## Exercise description
Print the lines below from the line with "Elektrické Masážní Polohovací" to the line with "Floral Print Chiffon" exactly, keeping both ends, and print no pictures.

───── Information

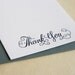 Letterpress Stationery Set. Thank You cards in Calligraphy - 10 cards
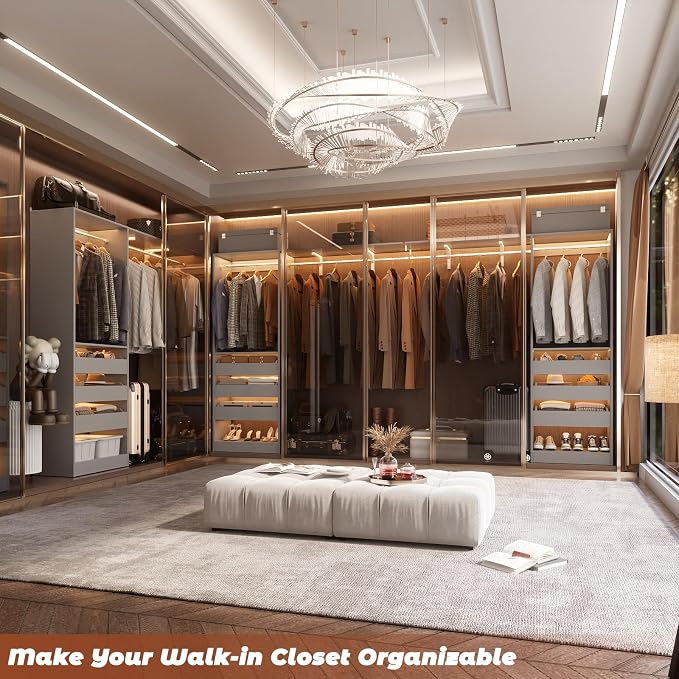 5FT Closet System with 3 Half-Open Wooden Drawers, 60'' Closet Organizer System with 2 Reversible Hanging Rods and Big Wing Shelf, 80" Tall Wall Mounted Wardrobe for Walk-in Closets, Grey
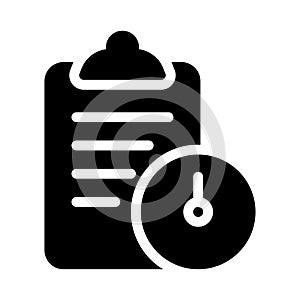 Deadline vector glyph flat icon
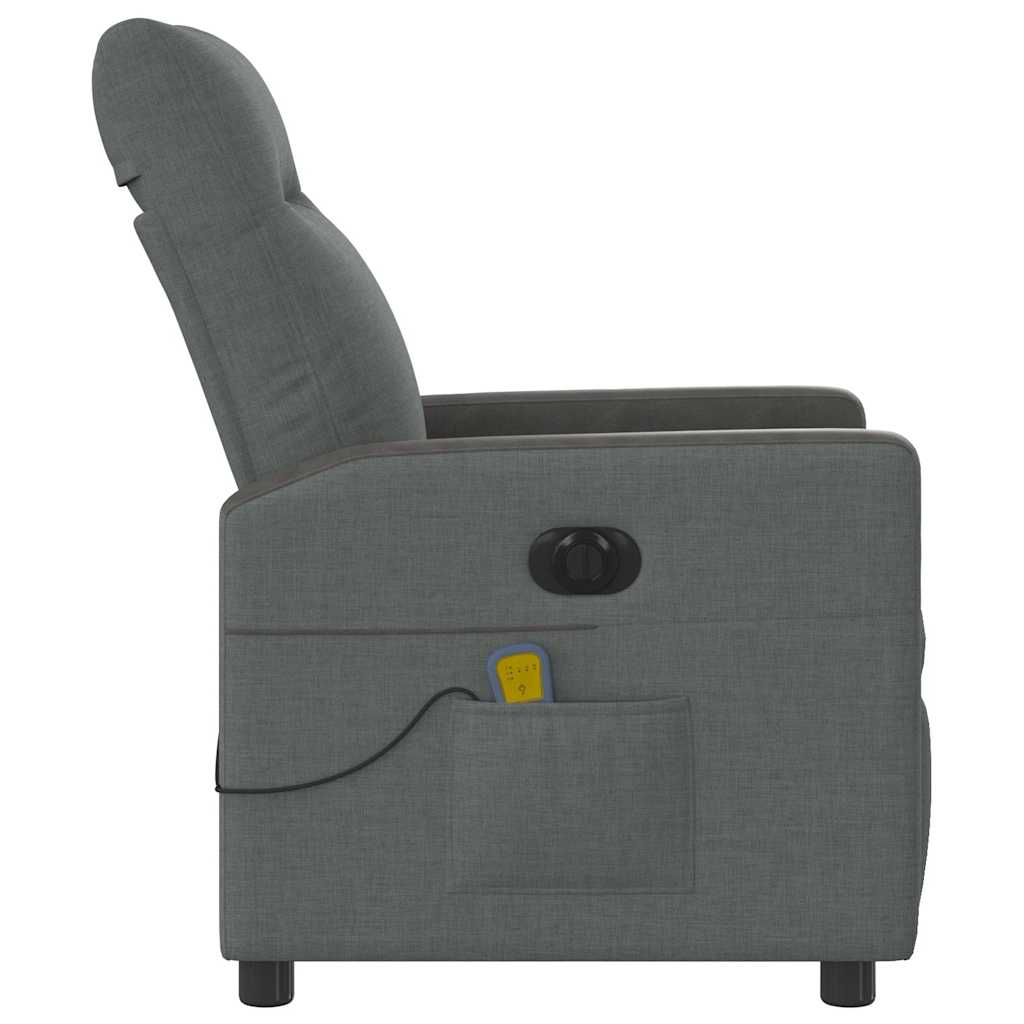 Elektrické Masážní Polohovací Křeslo Tmavě Šedé Textil Tmavě Šedá
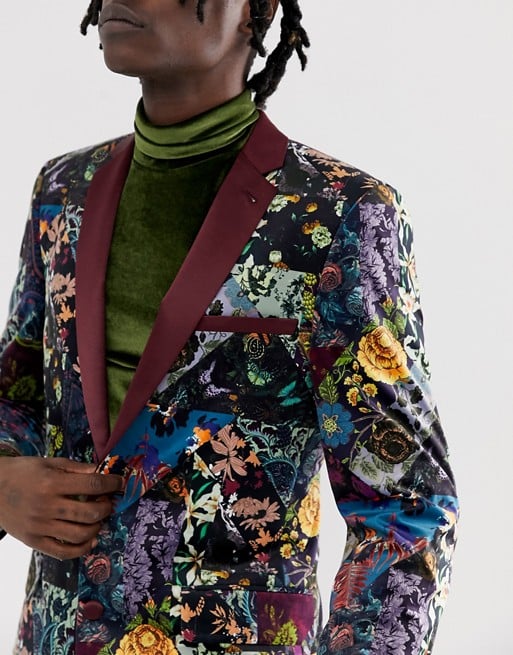 ASOS Edition Skinny Blazer in Purple Floral Patchwork Velvet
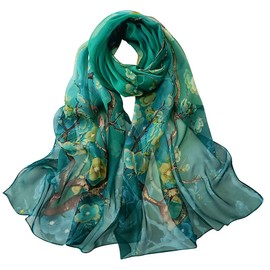 Floral Print Chiffon Scarf - Womens Fashion Scarfs Lightweight Head Scarf Sunscreen Scarves Shawls Wrap For Women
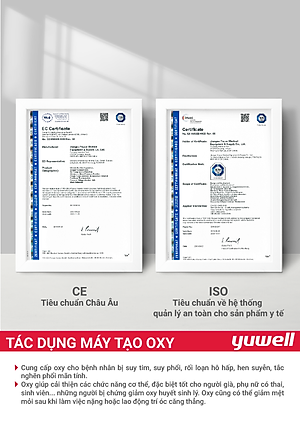 Máy Tạo Oxy Y Tế 93% Yuwell 8F-5AW - Hỗ Trợ Bệnh Nhân Suy tim, Suy phổi, Rối loạn hô hấp - Bảo Hành 1 Năm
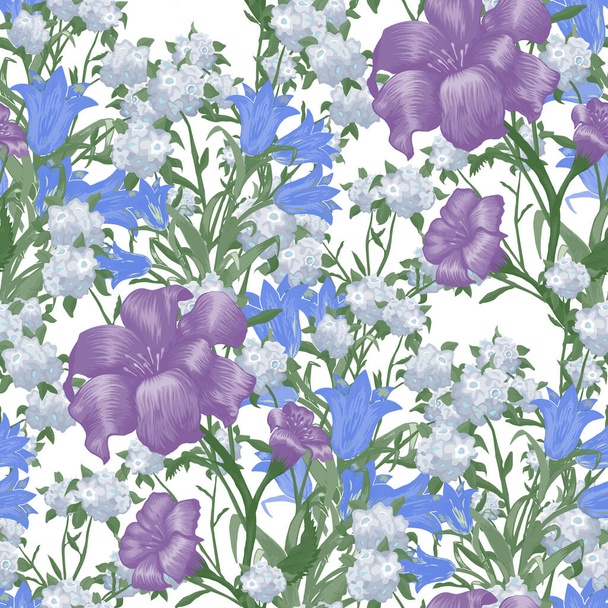 Floral Wallpaper with Big Flowers. Seamless Pattern with Fuchsia, Bluebell and May-lily for Swimwear Textile Curtains. Modern Pattern. Colorful Rapport. Vector Seamless Flowers. - Vector, Imagen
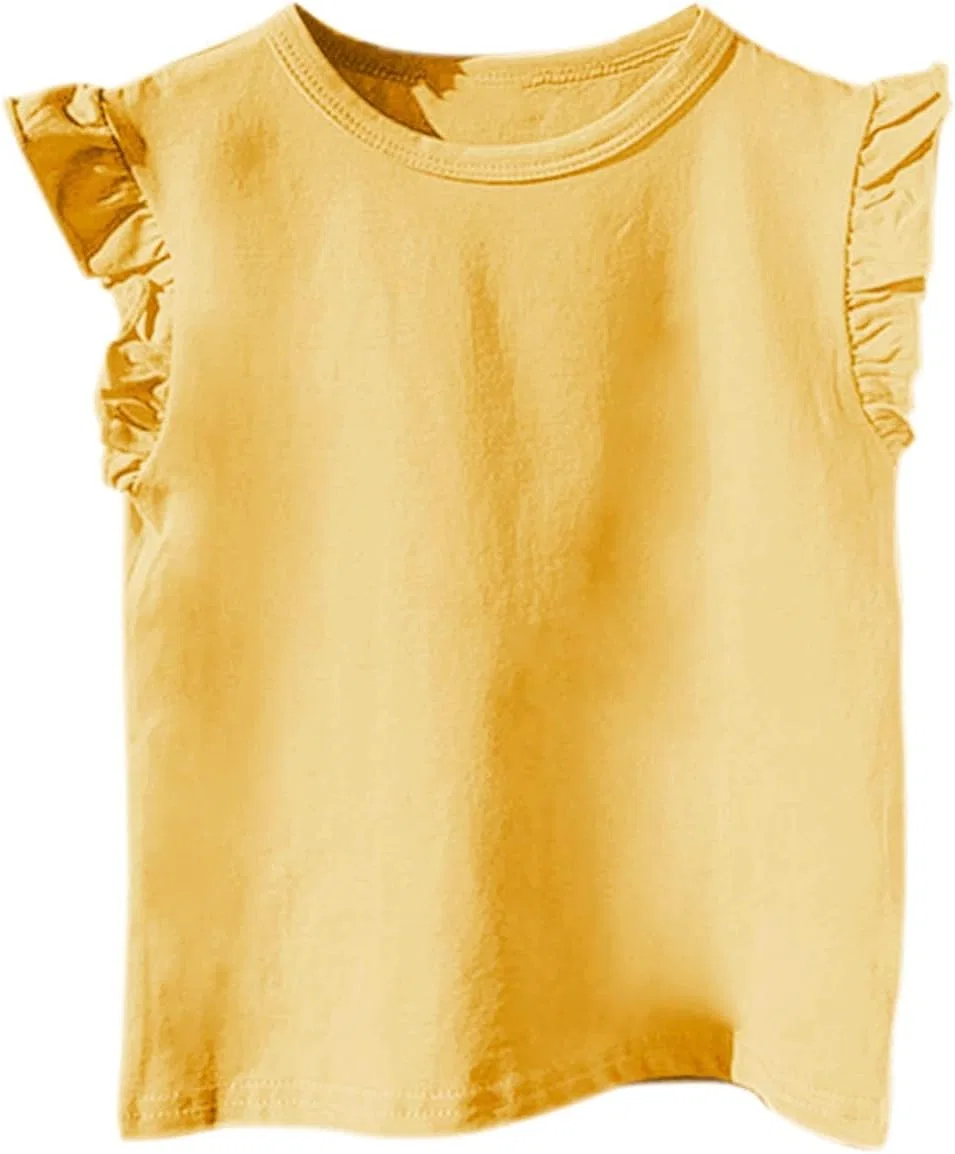Детский топ без рукавов с рюшами, Yellow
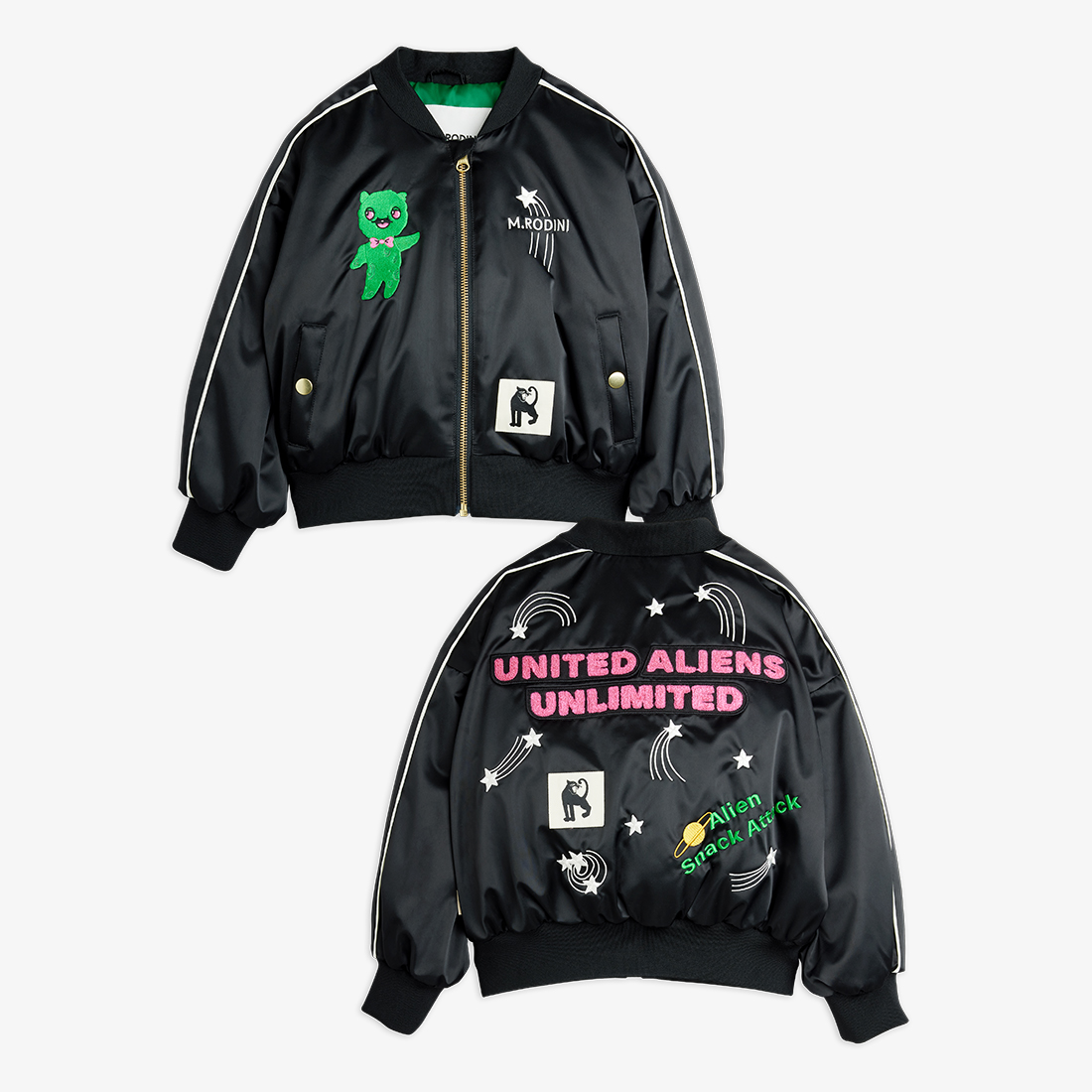 UNITED ALIENS UNLIMITED SATIN BASEBALL JACKET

──────────

## Response
 Elektrické Masážní Polohovací Křeslo Tmavě Šedé Textil Tmavě Šedá
 ASOS Edition Skinny Blazer in Purple Floral Patchwork Velvet
 Floral Print Chiffon Scarf - Womens Fashion Scarfs Lightweight Head Scarf Sunscreen Scarves Shawls Wrap For Women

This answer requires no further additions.